Lin Ming sat up with a little splash, because now he was talking about laws. “What? A petition to the Legislative Yuan?”

“That’s right.” Kung turned in the water. “We’ll establish a resettlement area, a new homeland for European Jews. They are a boon, not a burden; anyone can see that here in Shanghai. Down in Yunnan, where we have built the Burma Road, we have two whole counties almost empty, ready to be developed, the new road connecting them to the world. And we can bring the refugees by sea to Rangoon, and right through Burma to our border.”

“Ah.” Lin understood. “Because it’s British.”

“Nowhere will the Germans be able to get near them. But I need you to set things up as it was done here-barracks, soup kitchens, all the assistance people will need who arrive with nothing. Twenty thousand are self-sufficient in Shanghai; we will multiply that in Yunnan. The main industry will be farming, at first, but the land is good, the climate ideal, and there is plenty of water. They can build what society they like, within Chinese law.”

“Permanent resettlement?” It took its shape in Lin’s mind slowly. “Quite a gesture.”

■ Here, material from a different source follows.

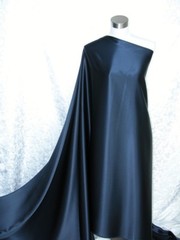 New 100% Pure Silk Satin Charmeuse Fabric Navy Blue Per Yard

“China needs to make a gesture. Naturally we hope to get the sympathy of the West against Japan, but that is not the reason. I told you. God wants this done.” Kung’s face was so radiant through the steam that for a moment, Lin was moved to believe.

But then Kung was himself again, practical. “Meanwhile, we can develop these counties easily, bring in engineers, teachers, horticulturists, men, women, children. It will lift the whole region up. Look at Shanghai. Now there are cabarets where the satire is every bit as sharp as in Berlin, there are fine Viennese bakeries, and new musicians in the Shanghai Municipal Orchestra.”

“How many people are you proposing to bring out of Germany?” said Lin.

Kung paddled his hands in the water and looked at him, the light in his eyes shining. “One hundred thousand.”